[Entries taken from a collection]
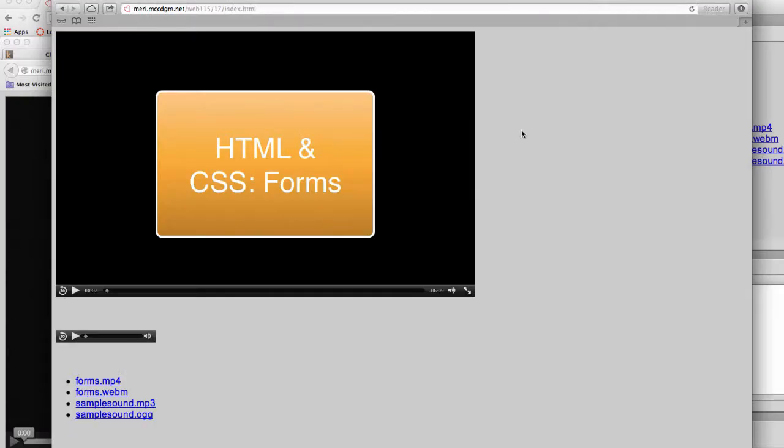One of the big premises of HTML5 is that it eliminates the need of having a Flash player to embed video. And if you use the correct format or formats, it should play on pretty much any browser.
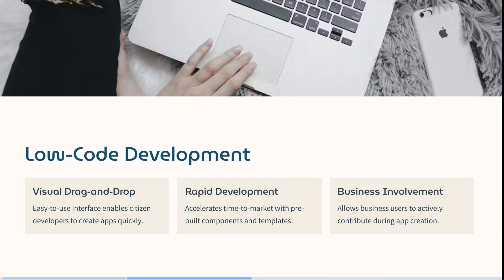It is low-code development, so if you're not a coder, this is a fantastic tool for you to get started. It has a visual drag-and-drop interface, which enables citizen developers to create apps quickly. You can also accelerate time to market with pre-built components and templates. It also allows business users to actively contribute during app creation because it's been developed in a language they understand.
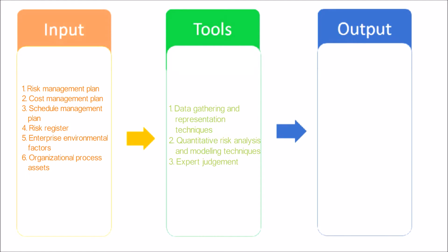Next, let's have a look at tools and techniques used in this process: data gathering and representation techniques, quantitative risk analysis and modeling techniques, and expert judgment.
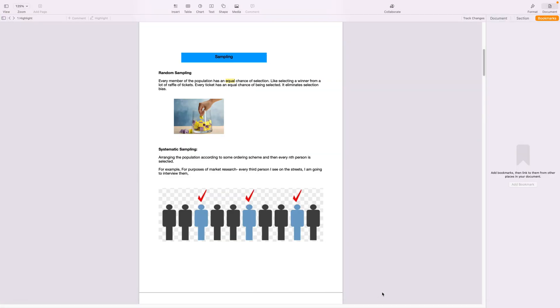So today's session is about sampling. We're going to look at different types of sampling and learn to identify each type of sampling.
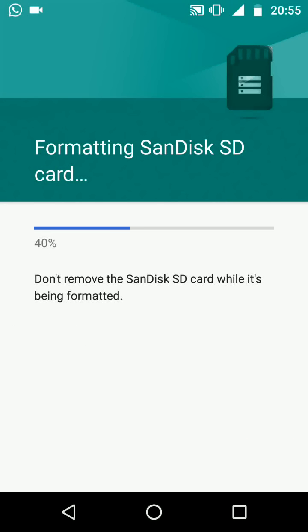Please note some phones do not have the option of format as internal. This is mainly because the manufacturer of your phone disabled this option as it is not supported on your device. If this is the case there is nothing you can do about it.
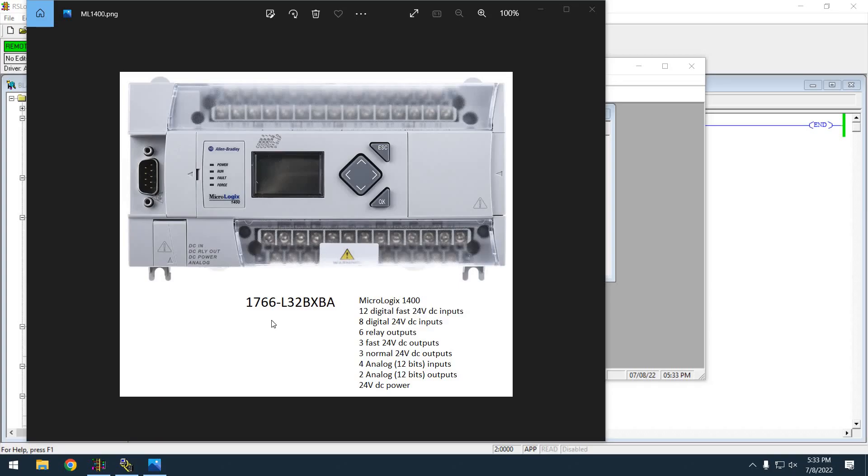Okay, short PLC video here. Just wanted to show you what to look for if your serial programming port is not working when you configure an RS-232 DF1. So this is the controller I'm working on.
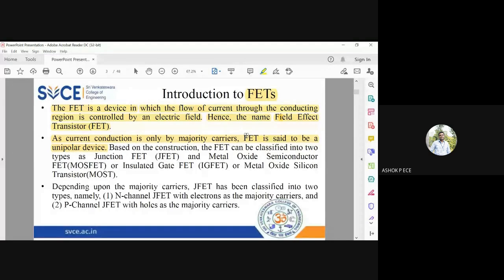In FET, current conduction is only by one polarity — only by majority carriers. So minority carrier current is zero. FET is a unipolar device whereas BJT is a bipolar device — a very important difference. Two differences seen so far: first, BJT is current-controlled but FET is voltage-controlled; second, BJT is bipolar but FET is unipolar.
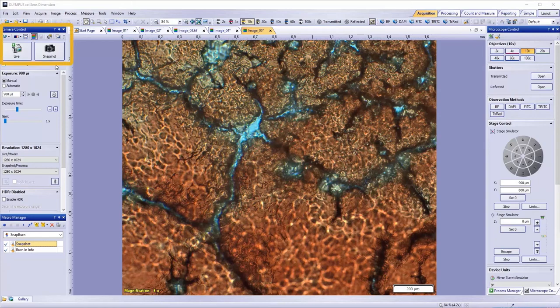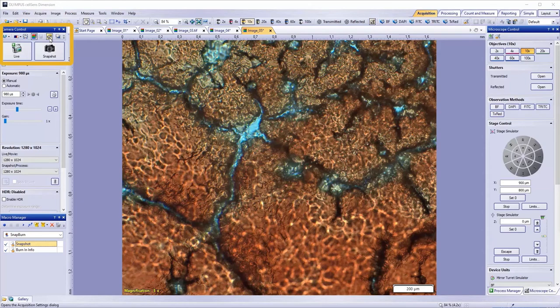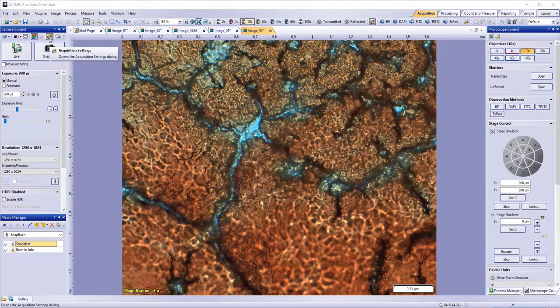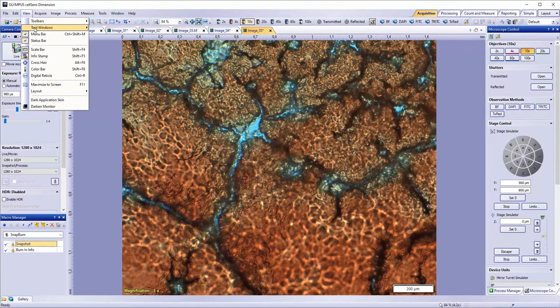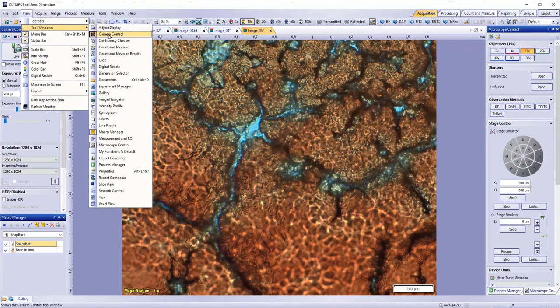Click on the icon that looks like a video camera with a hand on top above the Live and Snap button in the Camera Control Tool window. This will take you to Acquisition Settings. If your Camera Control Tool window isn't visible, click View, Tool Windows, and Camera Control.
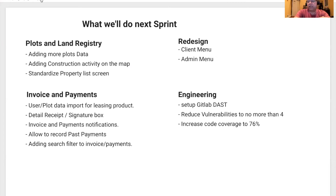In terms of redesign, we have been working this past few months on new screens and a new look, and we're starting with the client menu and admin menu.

> _Exercise prompt_: Begin at the line containing "Click on the" and write out every line to the end of the data exactly. Skip the pictures.

> _Output of the task_:
Click on the icon that looks like a video camera with a hand on top above the Live and Snap button in the Camera Control Tool window. This will take you to Acquisition Settings. If your Camera Control Tool window isn't visible, click View, Tool Windows, and Camera Control.
In terms of redesign, we have been working this past few months on new screens and a new look, and we're starting with the client menu and admin menu.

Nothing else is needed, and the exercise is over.